St. Valentine's Day is a 1948 Decca Records compilation album of recordings by Bing Crosby.

==Background==
Bing Crosby enjoyed unprecedented success during the 1940s, with his output including six No. 1 hits in 1944 alone. His films, such as Going My Way and The Bells of St. Mary's, were huge successes as were the Road films he made with Bob Hope. On radio, his Kraft Music Hall and Philco Radio Time shows were very popular. Decca Records exploited this by issuing a number of 78rpm album sets, some featuring fresh	material and others using Crosby's back catalogue. Ten of these sets were released in 1946, nine in 1947 and nine more in 1948. Most of these 78 rpm albums were reissued as 10-inch vinyl LP's in subsequent years.

St.
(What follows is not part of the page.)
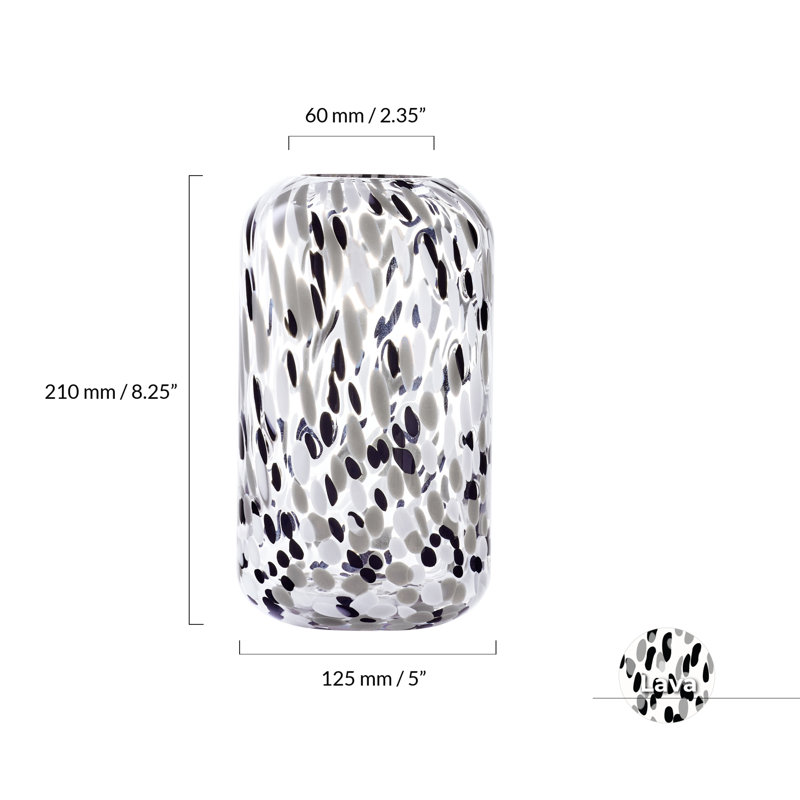 Lava Handmade Glass Table Vase, 21cm H x 12.5cm W x 12.5cm D, Charcoal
Valentine's Day includes two of Crosby's No. 1 hits from 1944 – "I'll Be Seeing You" and "I Love You" – two other chart entries ("You and I" and "Miss You") plus re-recordings of the singer's first ever recordings for Decca in 1934 "I Love You Truly" and "Just A-Wearyin' for You".

==Reception==
The album reached No. 8 in the Billboard list of best-selling popular albums in February 1949.

==Track listing==
These songs were featured on a four 10-inch 78 rpm album set, Decca Album No. A-621.
St. Valentine's Day track listing
| Side / Title | Writer(s) | Recording date | Performed with | Time |
Disc 1 (23971):
| A. "I Love You Truly" | Carrie Jacobs Bond | April 18, 1945 | John Scott Trotter and His Orchestra | 2:56 |
| B. "Just A-Wearyin' for You" | Carrie Jacobs Bond | April 18, 1945 | John Scott Trotter and His Orchestra | 3:08 |
Disc 2 (23482):
| A. "The Sweetest Story Ever Told" | R. M. Stults | December 4, 1945 | Ethel Smith and The Song Spinners | 3:14 |
| B. "Mighty Lak' a Rose" | Frank Lebby Stanton, Ethelbert Nevin | December 4, 1945 | Ethel Smith and the Song Spinners | 3:19 |
Disc 3 (24255):
| A. "You and I" | Meredith Willson | May 23, 1941 | John Scott Trotter and His Orchestra | 2:35 |
| B. "Miss You" | Charles Tobias, Harry Tobias, Henry Tobias | January 24, 1942 | John Scott Trotter and His Orchestra | 2:44 |
Disc 4 (24256):
| A. "I'll Be Seeing You | Sammy Fain, Irving Kahal | February 17, 1944 | John Scott Trotter and His Orchestra | 2:47 |
| B. "I Love You" | Cole Porter | February 11, 1944 | John Scott Trotter and His Orchestra | 2:35 |

==LP release==
The album was also issued as a 10" vinyl LP in 1949 with the catalogue number DL 5039.